Submitter(s): Xianfeng F. Zhao.

Clinical history
This is a 67-year-old Caucasian gentleman who was in his usual state of health until the summer of 2005 when he started experiencing easy fatigability. His CBC was: WBC 16,000/uL, hematocrit 36.9%, and platelet 124,000/uL. On peripheral blood smear he was noted to have 2% blasts, 7% metamyelocytes, 8% myelocytes, 15% band granulocytes, 41% segmented granulocytes, 20% lymphocytes, 5% monocytes, 1% eosinophils, and 1% basophils. Nucleated and tear drop RBCs are identified. Due to the progressive thrombocytopenia and circulating blasts, he was referred to the University of Maryland Medical Center for evaluation.
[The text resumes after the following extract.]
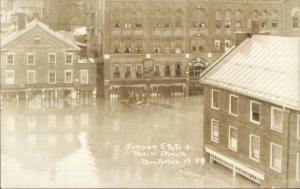 Montpelier VT State & Main Flood 1927 Real Photo Postcard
The patient has no significant past medical history.
A recent CBC on 01/29/07 was: WBC 20,200/uL, Hgb 8.7 g/dL, hematocrit 27.3%, and platelet 41,000/uL. The patient is currently RBC transfusion-dependent and on Vidaza for his progressive anemia and thrombocytopenia. He is being considered for allogeneic stem cell transplant since he has two HLA-matched siblings.
Physical examination reveals only mild hepatosplenomegaly, but no lymphadenopathy.


Details of gross/microscopic pathology:
The H&E sections show a markedly hypercellular marrow (90%) with myeloid hyperplasia and focally increased blasts comprising approximately 5% of the marrow cellularity. The myeloid to erythroid ratio is estimated at 5:1. Myeloids are increased with maturation and focally increased blasts. Erythroids are decreased with maturation. Megakaryocytes are focally increased with frequent hypolobated forms. Reticulin stain reveals mild to moderate reticulin fibrosis. Stainable iron is not increased.
The Wright-Giemsa stained aspirate smear shows a a hypercellular marrow with myeloid hyperplasia. Erythroids are decreased with no remarkable dysplastic changes. Megakaryocytes show frequent hypolobated forms. A differential count performed on 500 cells: 3% blasts, 15% promyelocytes, 30% myelocytes, 2% metamyelocytes, 7% band granulocytes, 18% segmented granulocytes, 7% eosinophils, 18% nucleated RBCs.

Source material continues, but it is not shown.